Vergrößern / Rekonstruktion eines Taino-Dorfes auf Kuba.

Die Karibik war einer der letzten Teile Amerikas, der von Menschen besiedelt wurde, obwohl sich die Wissenschaftler nicht einig sind, wann die ersten Siedler ankamen oder woher sie kamen. Einige argumentieren, dass die Menschen wahrscheinlich aus dem Amazonasbecken kamen, wo sich die heutigen Arawakan-Sprachen entwickelt haben, während andere meinen, dass die ersten Menschen, die die Inseln besiedelten, von noch weiter westlich, aus den kolumbianischen Anden, kamen.

„Die Meinungsverschiedenheiten verdeutlichen die Schwierigkeit, Bevölkerungsbewegungen auf der Grundlage einer lückenhaften archäologischen Aufzeichnung nachzuvollziehen“, schreiben der Archäologe Hannes Schroeder von der Universität Kopenhagen, Dänemark, und seine Kollegen. Schroeders Forscherteam hat eine neue Studie über die Genetik des lange verschollenen Taino-Volkes vorgelegt, die einige klare Hinweise auf ihre Herkunft und ihren Verbleib nach der europäischen Kolonisierung gibt.

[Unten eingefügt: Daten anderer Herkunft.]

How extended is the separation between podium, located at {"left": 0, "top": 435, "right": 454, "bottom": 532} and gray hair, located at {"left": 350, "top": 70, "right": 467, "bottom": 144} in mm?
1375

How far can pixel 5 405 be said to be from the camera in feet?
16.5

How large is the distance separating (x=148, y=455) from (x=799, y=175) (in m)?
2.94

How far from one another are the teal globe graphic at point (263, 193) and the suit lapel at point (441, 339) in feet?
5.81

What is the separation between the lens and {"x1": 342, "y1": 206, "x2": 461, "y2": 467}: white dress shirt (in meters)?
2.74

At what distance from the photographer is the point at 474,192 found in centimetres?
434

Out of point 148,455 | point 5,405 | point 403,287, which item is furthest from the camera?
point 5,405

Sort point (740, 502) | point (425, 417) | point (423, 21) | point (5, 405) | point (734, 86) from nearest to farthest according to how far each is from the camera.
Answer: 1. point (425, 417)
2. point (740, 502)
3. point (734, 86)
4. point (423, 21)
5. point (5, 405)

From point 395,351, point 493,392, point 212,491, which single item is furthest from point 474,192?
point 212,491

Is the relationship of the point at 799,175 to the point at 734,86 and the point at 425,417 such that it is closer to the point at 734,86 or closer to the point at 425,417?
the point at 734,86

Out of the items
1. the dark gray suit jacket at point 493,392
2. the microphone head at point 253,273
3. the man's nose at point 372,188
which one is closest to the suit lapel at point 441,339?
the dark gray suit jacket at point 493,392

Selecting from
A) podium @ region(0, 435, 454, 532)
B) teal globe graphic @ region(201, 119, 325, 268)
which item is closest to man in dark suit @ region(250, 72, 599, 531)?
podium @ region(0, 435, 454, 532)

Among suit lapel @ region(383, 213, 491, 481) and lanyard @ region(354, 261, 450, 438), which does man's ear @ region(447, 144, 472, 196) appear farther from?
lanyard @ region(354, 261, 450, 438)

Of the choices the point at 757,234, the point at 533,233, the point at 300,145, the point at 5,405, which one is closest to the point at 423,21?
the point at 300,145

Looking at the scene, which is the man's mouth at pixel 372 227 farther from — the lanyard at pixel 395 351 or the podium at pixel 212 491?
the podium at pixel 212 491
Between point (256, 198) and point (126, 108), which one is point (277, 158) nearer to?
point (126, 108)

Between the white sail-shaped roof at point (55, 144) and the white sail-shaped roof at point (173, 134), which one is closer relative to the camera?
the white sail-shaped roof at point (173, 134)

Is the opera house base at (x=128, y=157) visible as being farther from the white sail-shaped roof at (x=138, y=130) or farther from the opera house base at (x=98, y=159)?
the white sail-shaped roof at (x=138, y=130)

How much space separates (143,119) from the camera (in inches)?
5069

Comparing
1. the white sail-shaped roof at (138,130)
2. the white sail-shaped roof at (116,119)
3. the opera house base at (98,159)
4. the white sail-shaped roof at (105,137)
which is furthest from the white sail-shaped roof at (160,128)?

Komplexe soziale Netzwerke verbanden die Inseln

Die Bahamas wurden erst vor 1.500 Jahren besiedelt. Die Menschen, die dort siedelten, sind als die lukanischen Taino bekannt, und sie und die anderen Taino-Gemeinschaften der Karibik waren die Ureinwohner, die 1492 auf die ersten spanischen Kolonisten trafen. Der spanische Priester Bartolomé de las Casas schätzte, dass auf Jamaika und Puerto Rico jeweils etwa 600.000 Menschen lebten, auf Hispaniola sogar eine Million. Jahrhunderts hatten Pocken und Sklaverei die Taino an den Rand der Ausrottung getrieben.

Ihre Präsenz ist auf den Inseln noch immer präsent, in Form von Wörtern, die das Herz des karibischen Lebens durchziehen, wie Hurrikan und Kanu. Es gibt auch archäologische Überreste wie Felszeichnungen, die uns etwas über das spirituelle Leben der Taino erzählen, das über die Berichte der spanischen Priester hinausgeht. Aber die lebhaften Gemeinschaften und weit verzweigten Handelsnetze, die vor der europäischen Kolonisierung bestanden, gibt es nicht mehr.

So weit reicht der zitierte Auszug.